Уже в течение нескольких часов мы подвергаемся обстрелу, и стены вокруг меня рушатся. Еще немного — и дом, в котором я нахожусь, превратится в могилу для своих защитников и жильцов, как и все наши дома в гетто.

07.08.2004 2633 мин.

Я, Йосель, сын Йоселя Раковера из Матернополя, пишу эти строки в час, когда Варшавское гетто пылает, а дом, в котором я нахожусь теперь — один из последних, еще не объятых огнем. Уже в течение нескольких часов мы подвергаемся обстрелу, и стены вокруг меня рушатся. Еще немного — и дом, в котором я нахожусь, превратится в могилу для своих защитников и жильцов, как и все наши дома в гетто. Огненно красные острые лучи солнца, проникающие через маленькое окошко моей комнаты, из которого мы дни и ночи стреляли по врагу, говорят мне, что теперь вечер, сумерки заката. Солнце, конечно, не знает, насколько не жаль мне, что больше не увижу его...

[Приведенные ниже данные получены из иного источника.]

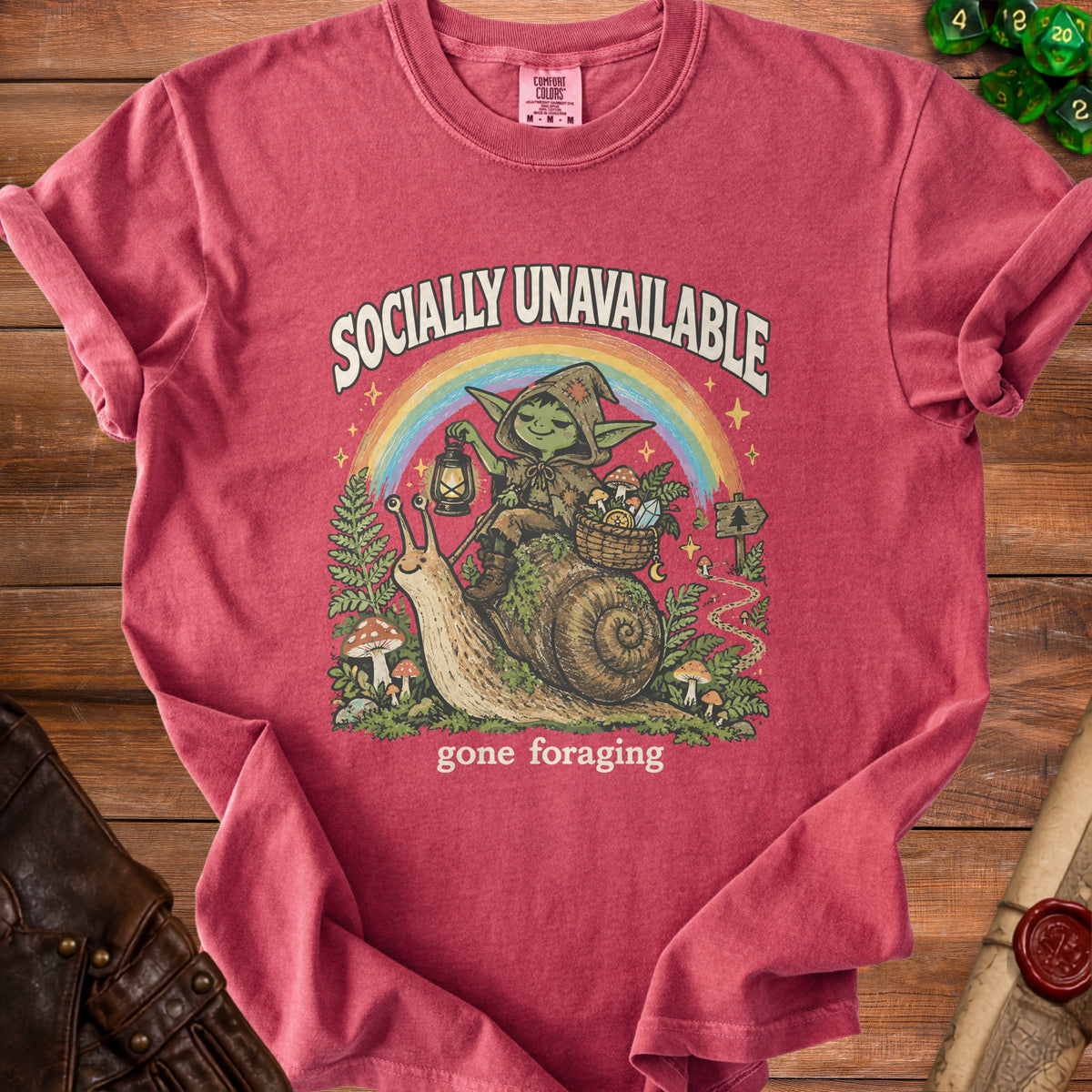 T-shirt graphic of a goblin riding a snail under a rainbow with "Socially Unavailable" and "gone foraging" text.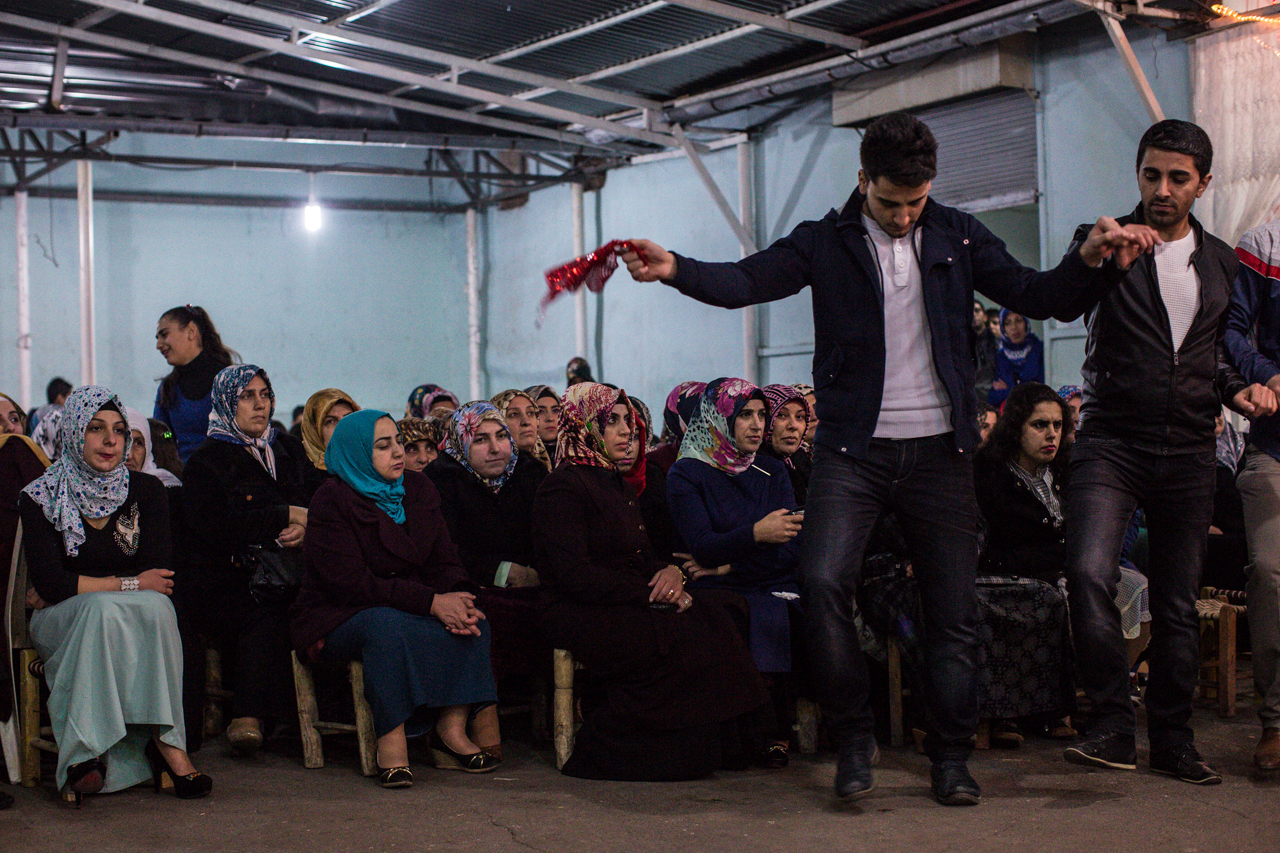 Kurdish women watch as young men dance by in a traditional Kurdish wedding ceremony in Diyarbakir.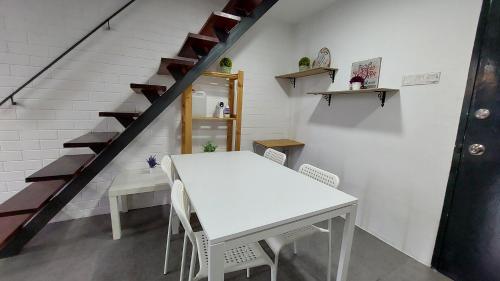 uma mesa branca e cadeiras num quarto com escadas em Inspired Homes, Empire Duplex#2, 6pax em Petaling Jaya
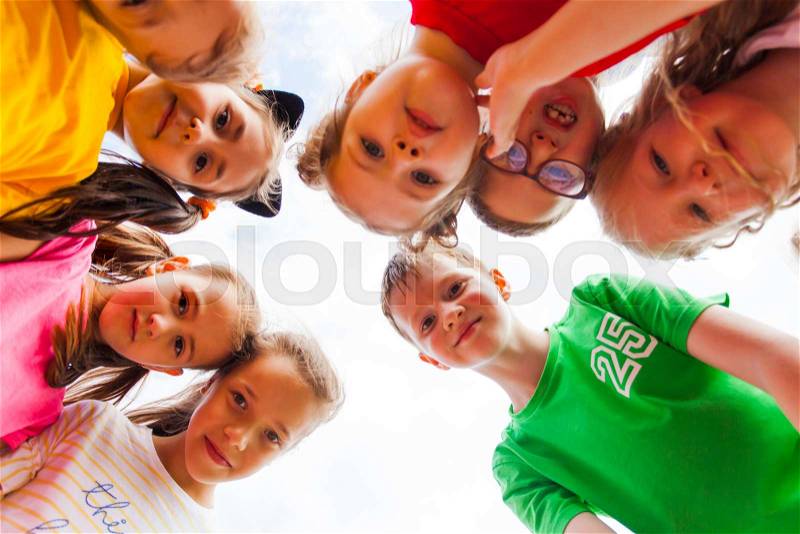 Close view of happy children faces in a circle, bottom view. Eight curious kids looking at the camera, standing in a circle, stock photo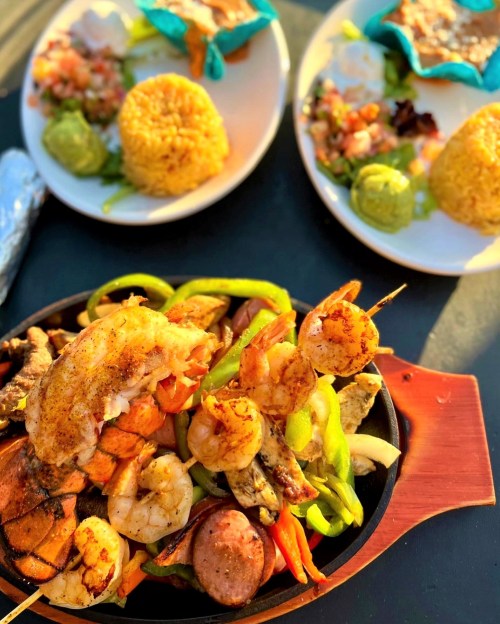 A sizzling platter of grilled seafood and vegetables, with two plates of rice, guacamole, and salsa in the background.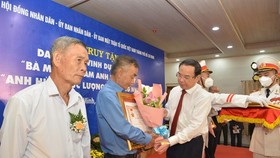 Secretary of the HCMC Party Committee Nguyen Van Nen (R) presents the "Vietnamese Heroic Mother" title to relatives of mothers.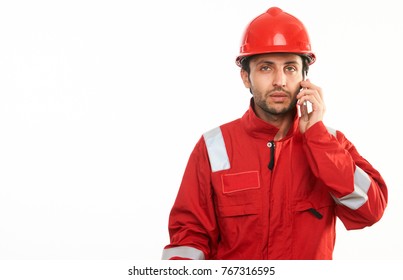 Young Builder Worker In Red Hardhat Helmet And Workwear Uniform Speaks By Mobile Phone Isolated On White Background With Copy Space, Close-up Portrait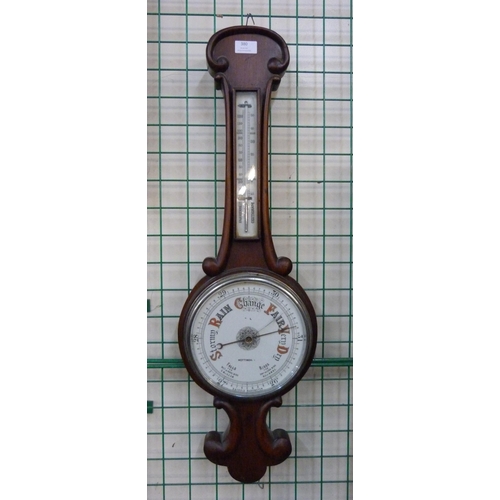 380 - A Victorian walnut aneroid barometer, the dial signed Nottingham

Когда я с женой и детьми — их было шестеро — скрывался в лесах, ночь, только ночь укрывала нас, день же выдавал нас в руки преследователей. Разве забыть мне тот немецкий огненный град, падавший на головы тысяч беженцев по дороге из Гродно в Варшаву? С восходом солнца поднялись в воздух самолеты и в течение целого дня сеяли смерть. Там погибла моя жена с моим семимесячным птенцом на руках, а двое из оставшихся пятерых детей потерялись в тот день. Трое уцелевших детей погибли в Варшавском гетто.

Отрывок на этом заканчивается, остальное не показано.